## Task statement
Where a line of the data below has the string "Nike", copy that line.

## Data in this exercise
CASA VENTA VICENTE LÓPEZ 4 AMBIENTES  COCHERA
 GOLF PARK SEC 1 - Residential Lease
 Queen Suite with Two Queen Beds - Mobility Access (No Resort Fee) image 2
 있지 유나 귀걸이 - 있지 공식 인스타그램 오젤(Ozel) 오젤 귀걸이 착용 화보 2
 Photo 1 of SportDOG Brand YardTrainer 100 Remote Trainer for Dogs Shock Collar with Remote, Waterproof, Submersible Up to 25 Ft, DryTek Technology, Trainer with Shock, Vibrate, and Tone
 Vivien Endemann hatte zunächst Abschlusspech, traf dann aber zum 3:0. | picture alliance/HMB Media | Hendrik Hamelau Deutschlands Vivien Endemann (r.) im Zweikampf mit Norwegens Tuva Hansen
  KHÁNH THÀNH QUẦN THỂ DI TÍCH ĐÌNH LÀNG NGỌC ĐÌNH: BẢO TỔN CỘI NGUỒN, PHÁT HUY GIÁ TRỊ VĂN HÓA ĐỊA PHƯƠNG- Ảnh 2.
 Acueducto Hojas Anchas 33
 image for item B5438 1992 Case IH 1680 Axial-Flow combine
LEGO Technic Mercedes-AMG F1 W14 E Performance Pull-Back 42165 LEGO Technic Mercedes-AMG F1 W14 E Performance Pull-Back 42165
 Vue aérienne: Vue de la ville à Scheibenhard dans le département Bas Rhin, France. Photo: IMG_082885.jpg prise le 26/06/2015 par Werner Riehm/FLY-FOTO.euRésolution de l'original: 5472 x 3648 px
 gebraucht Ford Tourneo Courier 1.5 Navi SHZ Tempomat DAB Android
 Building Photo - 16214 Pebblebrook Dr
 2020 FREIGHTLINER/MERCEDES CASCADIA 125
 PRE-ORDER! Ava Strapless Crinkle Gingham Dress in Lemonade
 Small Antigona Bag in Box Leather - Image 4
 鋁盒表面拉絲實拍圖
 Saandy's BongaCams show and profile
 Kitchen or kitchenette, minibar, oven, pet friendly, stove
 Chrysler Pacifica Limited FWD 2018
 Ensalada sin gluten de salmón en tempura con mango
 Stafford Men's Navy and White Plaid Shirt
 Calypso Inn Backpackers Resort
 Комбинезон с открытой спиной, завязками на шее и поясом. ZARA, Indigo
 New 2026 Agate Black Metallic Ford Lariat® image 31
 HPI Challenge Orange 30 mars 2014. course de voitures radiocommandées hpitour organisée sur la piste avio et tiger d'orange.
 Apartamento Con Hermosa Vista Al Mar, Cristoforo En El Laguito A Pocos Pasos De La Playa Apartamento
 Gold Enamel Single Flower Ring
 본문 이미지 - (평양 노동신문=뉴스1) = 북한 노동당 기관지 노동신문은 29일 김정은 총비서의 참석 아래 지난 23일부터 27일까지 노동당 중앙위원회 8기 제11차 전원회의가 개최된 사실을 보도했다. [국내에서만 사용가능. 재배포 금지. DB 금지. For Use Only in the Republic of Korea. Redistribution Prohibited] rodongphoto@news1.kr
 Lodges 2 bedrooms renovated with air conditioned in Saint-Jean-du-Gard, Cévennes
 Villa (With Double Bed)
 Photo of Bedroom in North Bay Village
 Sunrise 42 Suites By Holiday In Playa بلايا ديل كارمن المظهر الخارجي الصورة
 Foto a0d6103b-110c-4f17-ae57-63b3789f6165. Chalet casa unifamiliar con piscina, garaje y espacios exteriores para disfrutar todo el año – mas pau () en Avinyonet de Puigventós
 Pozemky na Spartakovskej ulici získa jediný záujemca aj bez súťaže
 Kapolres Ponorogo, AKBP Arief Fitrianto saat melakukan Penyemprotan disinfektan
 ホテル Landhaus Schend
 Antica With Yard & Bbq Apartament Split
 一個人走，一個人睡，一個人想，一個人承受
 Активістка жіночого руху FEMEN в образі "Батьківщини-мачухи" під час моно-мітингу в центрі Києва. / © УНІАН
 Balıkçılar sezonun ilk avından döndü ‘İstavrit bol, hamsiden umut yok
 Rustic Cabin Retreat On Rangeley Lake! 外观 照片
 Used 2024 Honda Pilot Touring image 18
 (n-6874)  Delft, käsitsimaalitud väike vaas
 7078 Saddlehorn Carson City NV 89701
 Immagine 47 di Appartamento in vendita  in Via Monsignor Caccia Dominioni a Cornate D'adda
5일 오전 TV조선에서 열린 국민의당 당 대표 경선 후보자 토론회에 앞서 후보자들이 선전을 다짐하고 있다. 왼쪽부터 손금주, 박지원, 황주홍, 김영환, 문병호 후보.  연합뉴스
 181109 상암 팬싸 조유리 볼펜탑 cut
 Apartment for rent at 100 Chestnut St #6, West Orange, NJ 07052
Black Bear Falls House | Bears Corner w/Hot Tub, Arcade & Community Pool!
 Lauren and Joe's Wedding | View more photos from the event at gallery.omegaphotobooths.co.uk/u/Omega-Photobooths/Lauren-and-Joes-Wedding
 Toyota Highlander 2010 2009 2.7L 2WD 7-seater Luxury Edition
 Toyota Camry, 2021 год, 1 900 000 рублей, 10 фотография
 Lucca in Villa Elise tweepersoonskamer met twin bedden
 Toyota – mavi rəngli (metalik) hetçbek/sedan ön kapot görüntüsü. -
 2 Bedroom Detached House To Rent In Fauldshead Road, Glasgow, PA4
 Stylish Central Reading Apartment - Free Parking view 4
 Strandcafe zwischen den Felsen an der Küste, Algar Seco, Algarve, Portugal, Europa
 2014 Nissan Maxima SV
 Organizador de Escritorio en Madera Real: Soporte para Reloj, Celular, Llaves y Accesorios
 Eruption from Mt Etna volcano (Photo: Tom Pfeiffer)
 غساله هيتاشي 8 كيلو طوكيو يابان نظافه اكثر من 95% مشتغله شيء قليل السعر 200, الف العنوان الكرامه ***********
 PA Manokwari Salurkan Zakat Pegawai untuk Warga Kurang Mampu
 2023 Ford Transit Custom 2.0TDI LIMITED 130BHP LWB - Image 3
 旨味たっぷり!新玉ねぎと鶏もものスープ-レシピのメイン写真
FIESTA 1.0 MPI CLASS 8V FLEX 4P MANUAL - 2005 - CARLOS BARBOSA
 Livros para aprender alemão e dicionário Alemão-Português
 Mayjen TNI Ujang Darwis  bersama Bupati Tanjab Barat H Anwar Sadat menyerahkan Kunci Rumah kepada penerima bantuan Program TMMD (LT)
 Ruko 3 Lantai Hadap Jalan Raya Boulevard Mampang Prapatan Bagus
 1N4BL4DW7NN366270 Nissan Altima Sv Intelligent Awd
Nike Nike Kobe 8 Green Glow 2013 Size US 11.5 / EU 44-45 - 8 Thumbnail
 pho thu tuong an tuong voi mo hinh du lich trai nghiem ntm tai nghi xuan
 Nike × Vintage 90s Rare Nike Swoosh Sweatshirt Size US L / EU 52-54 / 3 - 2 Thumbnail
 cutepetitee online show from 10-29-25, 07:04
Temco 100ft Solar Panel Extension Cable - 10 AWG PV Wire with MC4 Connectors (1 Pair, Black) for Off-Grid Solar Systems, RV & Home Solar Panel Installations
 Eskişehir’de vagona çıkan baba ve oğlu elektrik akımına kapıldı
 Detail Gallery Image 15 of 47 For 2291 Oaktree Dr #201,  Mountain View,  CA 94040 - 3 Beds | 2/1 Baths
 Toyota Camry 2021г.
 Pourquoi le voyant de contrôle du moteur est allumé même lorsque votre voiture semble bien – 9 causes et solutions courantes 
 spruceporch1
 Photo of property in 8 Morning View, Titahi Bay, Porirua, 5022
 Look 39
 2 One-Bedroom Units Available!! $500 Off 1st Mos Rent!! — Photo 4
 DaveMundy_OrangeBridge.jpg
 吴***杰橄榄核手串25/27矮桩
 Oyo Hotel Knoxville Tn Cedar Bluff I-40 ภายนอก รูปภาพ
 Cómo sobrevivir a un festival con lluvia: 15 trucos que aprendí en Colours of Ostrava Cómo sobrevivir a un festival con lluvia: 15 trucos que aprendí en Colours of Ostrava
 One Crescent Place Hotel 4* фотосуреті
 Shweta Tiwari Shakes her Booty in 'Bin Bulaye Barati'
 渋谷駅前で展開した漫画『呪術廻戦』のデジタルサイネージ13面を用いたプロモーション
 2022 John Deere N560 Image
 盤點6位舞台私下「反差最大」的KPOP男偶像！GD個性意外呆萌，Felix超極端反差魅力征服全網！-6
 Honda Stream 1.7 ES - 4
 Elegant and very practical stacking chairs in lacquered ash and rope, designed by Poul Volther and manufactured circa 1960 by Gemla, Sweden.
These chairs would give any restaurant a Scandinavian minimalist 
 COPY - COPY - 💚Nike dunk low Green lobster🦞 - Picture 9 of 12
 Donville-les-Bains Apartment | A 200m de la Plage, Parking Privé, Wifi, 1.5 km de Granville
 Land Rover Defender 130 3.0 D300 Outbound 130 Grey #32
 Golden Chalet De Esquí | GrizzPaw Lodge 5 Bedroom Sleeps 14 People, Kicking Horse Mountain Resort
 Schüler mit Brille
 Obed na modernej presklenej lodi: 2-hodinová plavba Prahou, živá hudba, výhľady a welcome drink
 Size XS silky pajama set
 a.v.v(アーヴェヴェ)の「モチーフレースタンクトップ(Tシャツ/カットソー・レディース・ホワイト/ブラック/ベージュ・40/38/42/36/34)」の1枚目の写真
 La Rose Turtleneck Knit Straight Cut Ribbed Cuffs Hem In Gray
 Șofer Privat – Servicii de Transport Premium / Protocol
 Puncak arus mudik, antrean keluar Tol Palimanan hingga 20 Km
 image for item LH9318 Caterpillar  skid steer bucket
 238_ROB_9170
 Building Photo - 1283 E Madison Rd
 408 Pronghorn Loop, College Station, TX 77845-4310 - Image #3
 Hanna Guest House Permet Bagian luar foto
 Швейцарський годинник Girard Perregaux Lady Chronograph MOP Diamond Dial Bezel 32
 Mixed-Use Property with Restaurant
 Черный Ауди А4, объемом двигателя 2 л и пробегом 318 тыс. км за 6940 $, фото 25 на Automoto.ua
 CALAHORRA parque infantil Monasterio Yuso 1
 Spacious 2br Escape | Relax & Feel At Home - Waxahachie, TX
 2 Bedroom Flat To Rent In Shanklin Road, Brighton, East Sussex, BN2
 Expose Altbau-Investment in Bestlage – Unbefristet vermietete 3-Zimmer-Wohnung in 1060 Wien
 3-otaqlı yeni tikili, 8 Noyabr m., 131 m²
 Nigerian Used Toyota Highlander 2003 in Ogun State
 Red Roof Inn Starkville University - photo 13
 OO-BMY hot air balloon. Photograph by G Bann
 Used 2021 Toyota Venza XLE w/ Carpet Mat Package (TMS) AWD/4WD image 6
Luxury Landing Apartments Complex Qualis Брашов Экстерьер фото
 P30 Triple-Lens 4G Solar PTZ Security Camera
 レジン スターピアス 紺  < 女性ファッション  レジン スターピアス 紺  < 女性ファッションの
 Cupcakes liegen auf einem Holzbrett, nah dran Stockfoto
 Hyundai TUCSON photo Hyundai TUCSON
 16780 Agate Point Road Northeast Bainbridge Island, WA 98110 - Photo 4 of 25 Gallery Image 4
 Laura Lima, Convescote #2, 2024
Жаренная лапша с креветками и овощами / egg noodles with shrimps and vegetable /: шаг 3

## Solution for this exercise
Nike Nike Kobe 8 Green Glow 2013 Size US 11.5 / EU 44-45 - 8 Thumbnail
 Nike × Vintage 90s Rare Nike Swoosh Sweatshirt Size US L / EU 52-54 / 3 - 2 Thumbnail
 COPY - COPY - 💚Nike dunk low Green lobster🦞 - Picture 9 of 12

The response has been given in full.